Déploiement des réseaux islamistes vers la Tunisie
Le dernier incident en Tunisie donne à penser que des réseaux islamistes en Algérie chercheraient à gagner la Tunisie. L’armée de l’air tunisienne a attaqué et neutralisé, ce mercredi 21 septembre 2011, un convoi armé de batteries anti-aériennes dans le sud de la Tunisie. Tôt dans la matinée, le convoi de neuf véhicules tout terrain avait ouvert le feu sur des hélicoptères de l’armée tunisienne qui a répliqué, faisant plusieurs morts.
Les incidents se sont produits dans une zone désertique que partagent la Tunisie et l’Algérie et qui n’est pas loin de la frontière avec la Libye.
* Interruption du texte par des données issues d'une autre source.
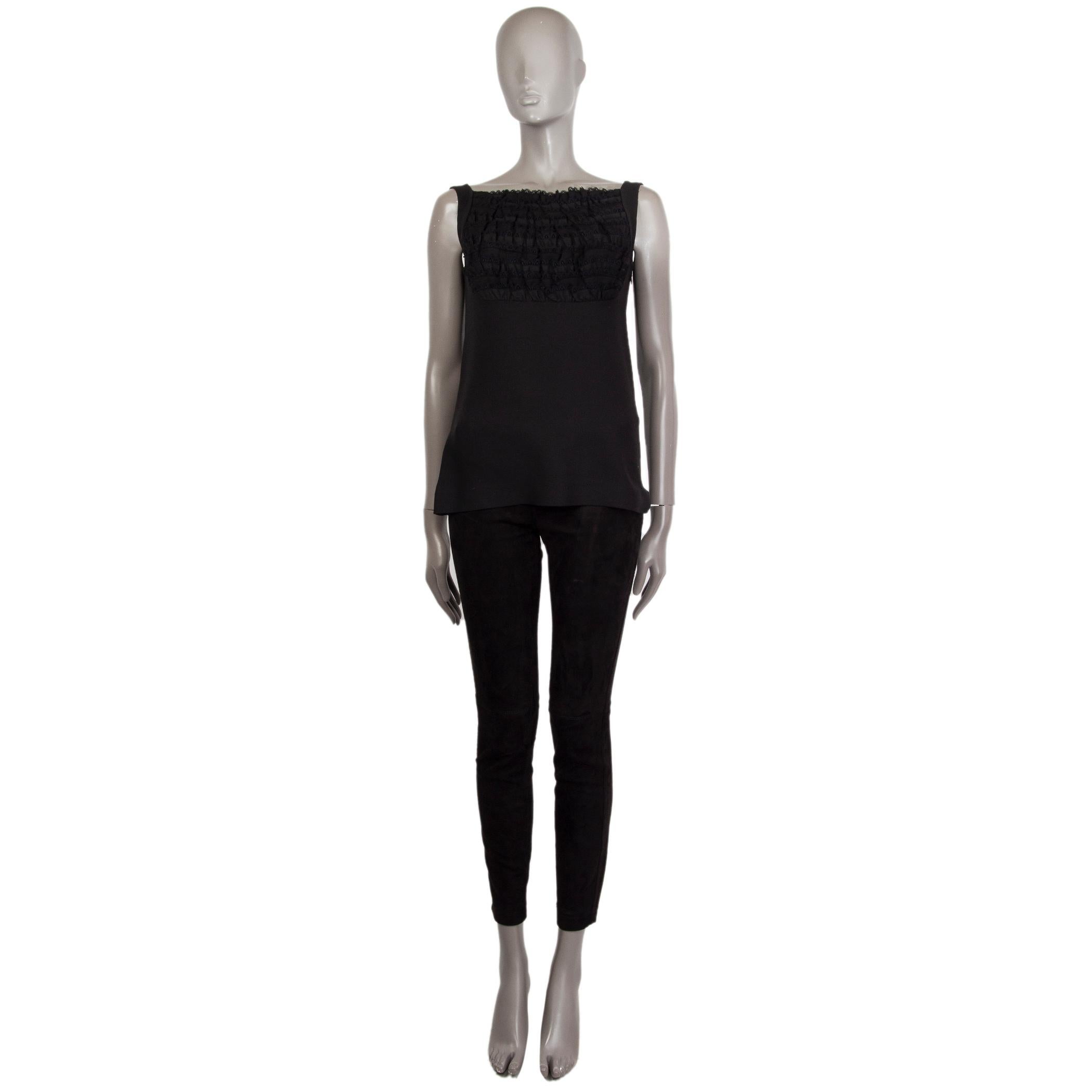 100% authentic Prada ruched-panel sleeveless top in black silk (100%). With square neck. Closes on the side with hock and invisable zipper. Unlined. Has been worn and is in excellent condition. 

Measurements
Tag Size	38
Size	XS
Shoulder Width	35cm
C’est également une zone propice aux trafics et une zone d’activité des jihadistes d’Aqmi.
Pour l’instant, l’identité du groupe n’a pas été révélée ; les opérations de ratissage de l’armée tunisienne se sont poursuivies ce jeudi. Interrogé par RFI, le colonel Ben Naceur précise qu’ils n’ont trouvé aucun corps et que le convoi provenait d’Algérie.
Notons que l’armée tunisienne a déjà été mise à l’épreuve cette année en matière de terrorisme. En mai dernier, dans le centre-ouest de la Tunisie, trois hommes armés qui portaient des ceintures d’explosifs et qui étaient en possession de passeports libyens, ont tiré sur des soldats tunisiens, faisant deux morts dont un colonel de l’armée tunisienne.
Une désorganisation sécuritaire
L’effondrement des régimes totalitaires connaissent forcément, ne serait-ce que momentanément, une période de désorganisation sécuritaire. C’est ce qui se passe en Tunisie. Par ailleurs, cette région du sud tunisien est particulièrement vulnérable et difficile à contrôler. Pour localiser et détecter des convois dans cette zone désertique et longue de milliers de kilomètres, il faut des moyens technologiques évolués. C’est donc une zone plus facile à traverser sans être repéré. Conscient de ce grave problème, Haykel Bouzuoita, porte- parole du ministère de la Défense tunisien, reconnait que l’armée doit redoubler de vigilance tout le long de ses frontières avec la Libye et l’Algérie.
Conséquences de la crise libyenne dans la région du Darfour
En début de semaine déjà, mardi 20 septembre 2011, c’était au tour de l’armée soudanaise de se voir confrontée à un convoi lourdement armé de rebelles du Mouvement pour la justice et l’égalité (JEM). Les rebelles circulaient à bord de deux gros véhicules, l’un rempli d’essence et l’autre d’armes dont ils s’étaient emparés en Libye. L’un des rebelles a été tué et les autres ont pris la fuite.
Depuis le début du conflit libyen, les rebelles du Darfour du JEM ne se sentaient plus en sécurité en Libye. Aussi, ont-ils commencé à rentrer au pays. La semaine dernière, le JEM annonçait le retour au Darfour de son chef, Khalil Ibrahim. Lui et ses hommes, avaient été accueillis par Mouammar Kadhafi au printemps 2010, après un passage par le Tchad. Aujourd’hui, ils se dépêchent de rentrer, mais pas les mains vides. A son retour, Khalil Ibrahim était escorté par une centaine de 4x4 lourdement armés.
Le représentant spécial de l’ONU pour l’Afrique centrale, Abou Moussa, avait exprimé, le 20 août 2011, devant les membres du Conseil de sécurité, son inquiétude sur les risques de déstabilisation de la région dus au conflit en Libye. Il avait notamment évoqué le risque « que des armes volées en provenance de Libye puissent être transférées dans les zones poreuses de la sous-région, et puissent servir à alimenter la criminalité et saper les récents développements de renforcement de la coopération entre le Tchad, le Soudan et la République centrafricaine ».